Philip Lane, ECB chief economist, Feb. 16

"This tightening is estimated to have already lowered inflation by around 0.2 percentage points in 2022. The considerable lags between monetary policy actions and their impact on inflation, however, imply that most of the effects are only expected to materialise from 2023 onward ... Inflation is estimated to be around 1.2 percentage points lower in 2023 and 1.8 percentage points lower in 2024."

Fabio Panetta, ECB board member, Feb. 16

"We should keep our policy tight until we see inflation firmly converging back to 2% over our policy horizon.

"But with rates now moving into restrictive territory, it is the extent and duration of monetary policy restriction that matters. By smoothing our policy rate hikes – that is, moving in small steps – we can ensure that we calibrate (policy) more precisely.

"We now need to take into account the risk of overtightening alongside the risk of doing too little."

Gabriel Makhlouf, Irish central bank chief, Feb. 14

"I could see it [interest rates] being higher than 3.5% ... I’m open to acting forcefully to get inflation down to our target.”

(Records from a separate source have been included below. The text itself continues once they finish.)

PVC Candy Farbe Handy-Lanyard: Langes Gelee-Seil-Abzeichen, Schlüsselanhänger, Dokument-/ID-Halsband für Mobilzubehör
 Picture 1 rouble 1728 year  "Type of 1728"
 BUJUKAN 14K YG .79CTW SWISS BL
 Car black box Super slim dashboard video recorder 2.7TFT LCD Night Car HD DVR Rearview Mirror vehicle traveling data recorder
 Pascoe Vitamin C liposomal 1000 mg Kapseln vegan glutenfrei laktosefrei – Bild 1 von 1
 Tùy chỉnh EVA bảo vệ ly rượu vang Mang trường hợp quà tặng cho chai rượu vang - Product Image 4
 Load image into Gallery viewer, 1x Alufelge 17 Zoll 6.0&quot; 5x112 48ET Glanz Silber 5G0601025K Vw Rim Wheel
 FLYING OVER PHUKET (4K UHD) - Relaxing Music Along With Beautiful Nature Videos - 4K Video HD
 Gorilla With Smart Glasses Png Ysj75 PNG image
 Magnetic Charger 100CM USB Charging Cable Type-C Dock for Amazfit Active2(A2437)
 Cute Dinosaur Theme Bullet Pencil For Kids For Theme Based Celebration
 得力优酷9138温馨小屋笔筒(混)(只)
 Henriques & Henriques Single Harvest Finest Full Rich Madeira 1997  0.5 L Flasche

Ignazio Visco, Italian central bank chief, Feb. 11

"Disinflation is obviously needed, but given the levels of private and public debts that prevail in the euro area, we must be careful to avoid engineering an unnecessary and excessive rise in real interest rates.

"The costs linked to the risk of doing too much must not be considered less important, as we have learned from the experience in the aftermath of the great financial crisis."

Boris Vujcic, Croatian central bank governor, Feb. 10

"I would agree that we are likely to see more rate action beyond March."

Klaas Knot, Dutch central bank chief, Feb. 8

"If underlying inflation pressures do not materially abate, maintaining the current pace of hikes into May could well remain warranted.

"Once we see a clear and decisive turn in underlying inflation dynamics, I ... expect us to move to smaller steps. Absent such a turn, the ECB will continue to stay the course on its steady pace upwards."

Joachim Nagel, German central bank chief, Feb. 7

"From where I stand today we need further, significant rate hikes."

Pierre Wunsch, Belgian central bank chief, Feb. 3

"I don’t think we're going to move from 50 basis points (in March) to zero. It might be another 50 basis points or we might be moving to 25. I will certainly not exclude another 50 basis points but that's going to be dependent on the data."

"If core (inflation) remains persistent, if we keep seeing core momentum being close to 5%, for me a terminal rate of 3.5% would be a minimum."

Gediminas Simkus, Lithuanian central bank chief, Feb. 3

"The March rate hike is not the last one. It could be 50 basis points in (May) or 25, but hardly 75."